If you want to access something, it needs to be mapped in your page tables, but you can map everything you need at the same time when you set up your page tables. Where are you having problems with that?

It seems that I have to map in a page to map in a page but the page that maps it in isnt maped in, I'm strugeling with dependencies.

You create the map before you enable paging and enter long mode.

I am past that stage and am rebuiilding page table for kernel in kernel init

Maybe im doing it wrong
This is the virtual structure im working with to handel my page table:

There are two ways you could solve this problem.

One way is to map all memory. Everything is always mapped, so you can access whatever you need at any time.

The other way is to reserve some pages for temporary mappings. When you need to access something that isn't mapped, you modify a temporary mapping to point to that memory.

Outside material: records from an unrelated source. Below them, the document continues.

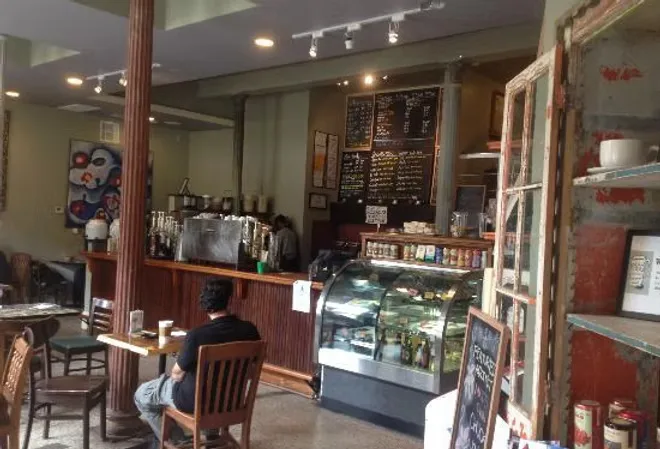 cozy cafe interior with counter, pastry display case, and seated customer., mod coffeehouse, galveston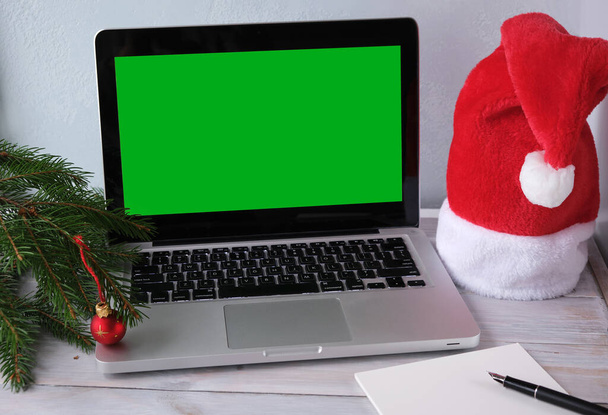 Christmas sales and online shopping for gifts.Laptop with green blank screen, Santa hat, fir branches and red ball on wooden background. Selection presents of for new year.List of purchases, gifts.Selective focus - Foto, Imagem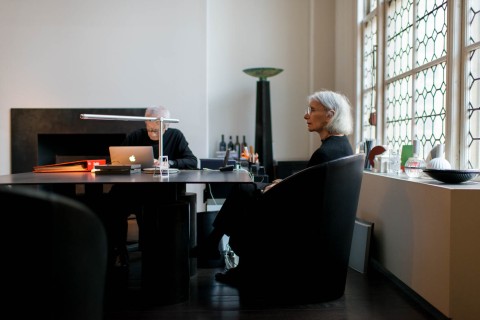 a view inside an artist studio with a wall of windows on the right and two people sitting at a black table.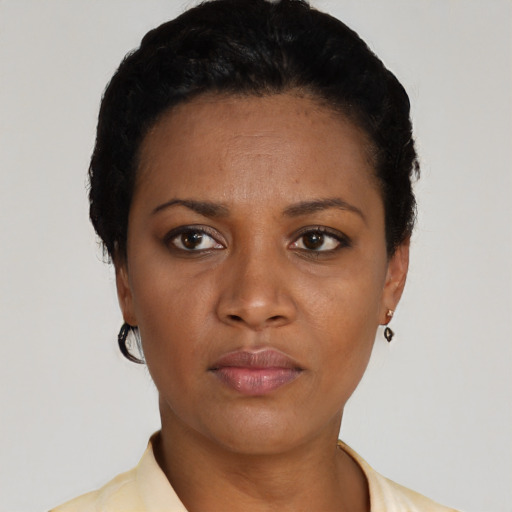 Neutral latino young-adult female with short  black hair and brown eyes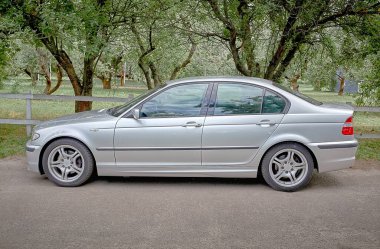 Sokak geçmişi olan beyaz bir araba. Modern şehir fotoğrafı.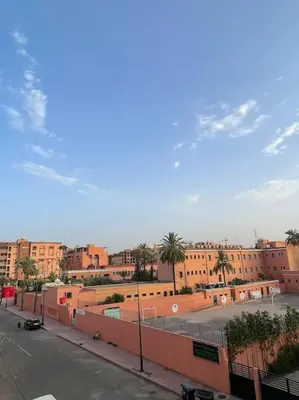 a view of a street with buildings and palm trees at Superbe studio en plein centre in Marrakech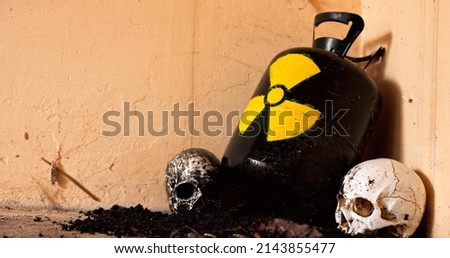 Nuclear waste between skulls closeup photo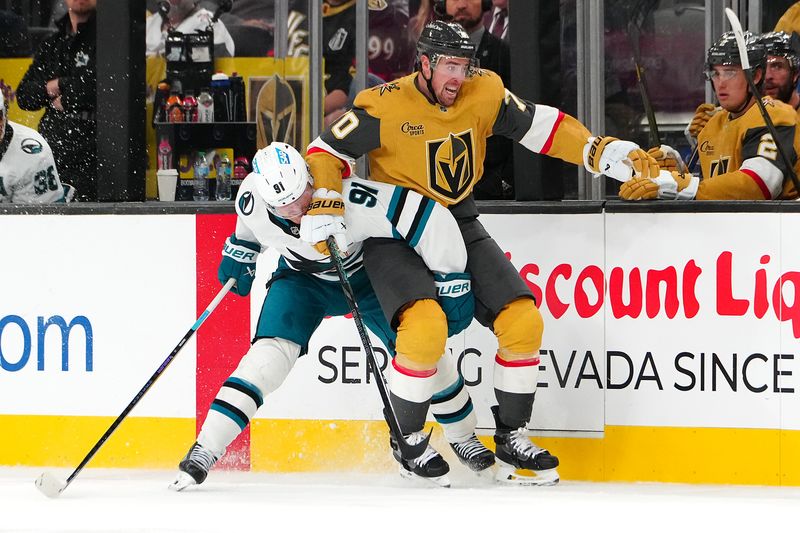 Oct 26, 2024; Las Vegas, Nevada, USA; San Jose Sharks right wing Carl Grundstrom (91) interferes with Vegas Golden Knights left wing Tanner Pearson (70) during the second period at T-Mobile Arena. Mandatory Credit: Stephen R. Sylvanie-Imagn Images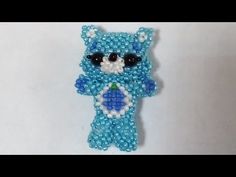 a blue beaded teddy bear with black eyes and an ornament in the shape of a cat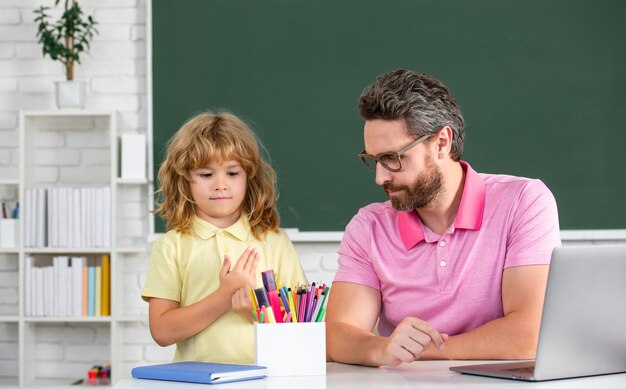 교육 및 학습 개념 아버지와 아들이 학교 교사와 어린 학생 포에서 숙제를 하고 있습니다.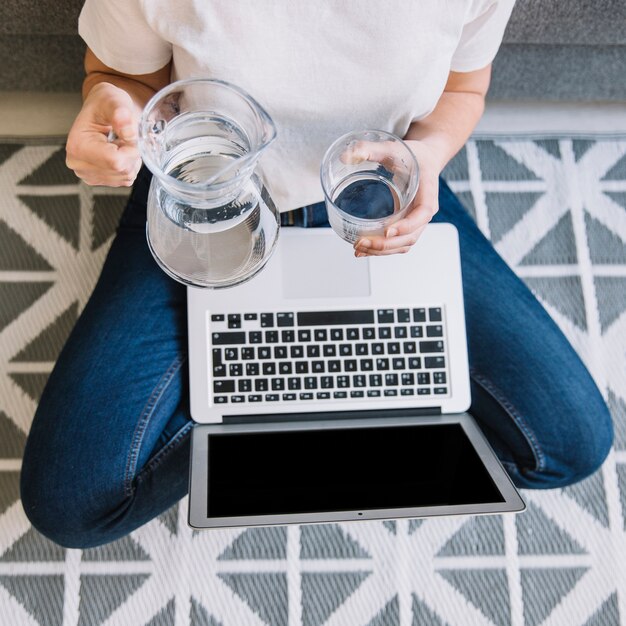 Mujer de la cosecha con agua que vierte de la computadora portátil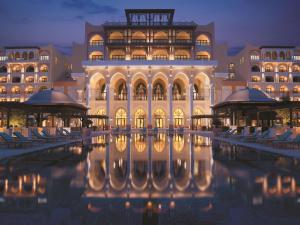 a large building with a pool in front of it at Shangri-La Qaryat Al Beri, Abu Dhabi in Abu Dhabi
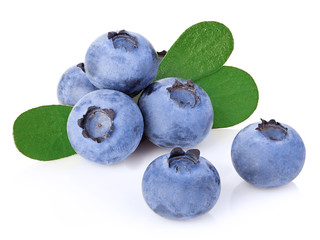 Fresh ripe blueberries with leaves close-up isolated on a white background.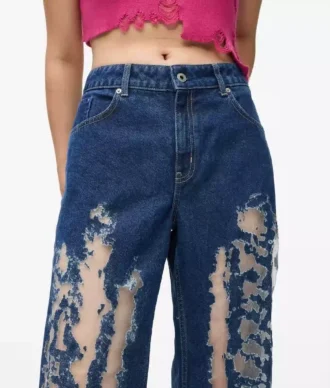 Jeans rilassati a vita media con effetto consumato Jeans rilassati a vita media con effetto consumato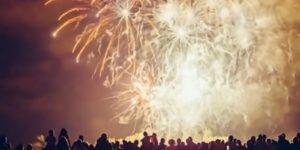 Image of crowd watching bright fireworks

With that structure, definitely.

The nice thing about page tables is that each of them takes up a full page. So if you just request a page from your PMM, you can use the entire thing. So that is how I deal with page tables: Each of them is exactly one page, interpreted as array of 64-bit numbers. I just allocate them as needed.

The thing you're stuck on is what everyone stumbles over sooner or later. You need to access physical memory to implement paging, but can only access virtual memory. The most common solutions are to map all of physical memory linearly to some place (which is easy on x86_64, where by definition virtual memory is always at least 4 times larger than physical memory), or to use a known temporary mapping, or to use recursive paging. All of these you initialize when you initialize paging.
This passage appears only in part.